I think that while many politically conservative critics of the UN rail against its lack of accountability, they also dislike multilateralism more generally because it increases the accountability of the U.S. concerning its international obligations. In other words, accountability is great from the UN but for the U.S. it is undesirable because it makes realpolitik more difficult. (This, by the way, is also why so many militarily weaker states are enthusiastic about international law on topics such as the use of force.)

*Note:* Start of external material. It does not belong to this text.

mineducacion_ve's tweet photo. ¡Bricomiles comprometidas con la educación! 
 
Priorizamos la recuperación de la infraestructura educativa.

Consider international courts and tribunals as an example of the tension between accountability and realpolitik. With the possible exception of the International Court of Justice, international tribunals until recently were largely constructed in a manner in which strong states could more easily call weaker states (or their citizens) to account for their actions than vice versa. The Nuremberg and Tokyo Tribunals were constructed by victorious allies. The Yugoslav and Rwandan Tribunals were managed by the international community (mainly the U.S. and E.U. states) and were focused on bad acts by the citizens from the countries that were tearing themselves apart, as opposed to the international troops dispatched into the warzones. On the economic side, the investor-state dispute provisions in bilateral investment treaties (BITs) were mainly used by companies from rich, developed, countries to protect their investments in poorer, developing nations.

But recently, new courts and tribunals have increasingly brought rich nations to account. NAFTA Chapter 11, for example, includes a dispute resolution procedure similar to most BITs, but now our co-signatories are Canada and Mexico. There is significant investment by Canadian and, to a lesser extent, Mexican companies into the U.S. Now the U.S. has found itself on the defensive on issues ranging from the regulation of gasoline additives to government procurement rules. All of a sudden, investor-state dispute resolution, a regime that the U.S. has pursued for 30 years, doesn’t seem like such a great idea in the eyes of many commentators.

Similarly, the International Criminal Court is built upon the same normative foundations as the Nuremberg, Rwanda, and Yugoslav tribunals. The ICC as an institution does have problems that should cause the U.S. concern, but the criticism I have seen most often is a fear of an independent prosecutor that could be politicized and hamper U.S. troops. The solution many such critics suggest is that the Security Council must ratify any indictment, thus leaving any potential indictment open to the veto of one of the permanent members of the Security Council, effectively immunizing them. More importantly, no solution short of this seems to satisfy such critics. It would be a triumph of realpolitik over accountability.

Here is my concern: some are using accountability as a sword to attack the UN because of its lack of accountability while at the same time shunning international institutions because they could call for U.S. accountability. Nobody says you have to be logically consistent, but the implications of such a stance are not good for the role of law in international affairs, let alone the rule of law.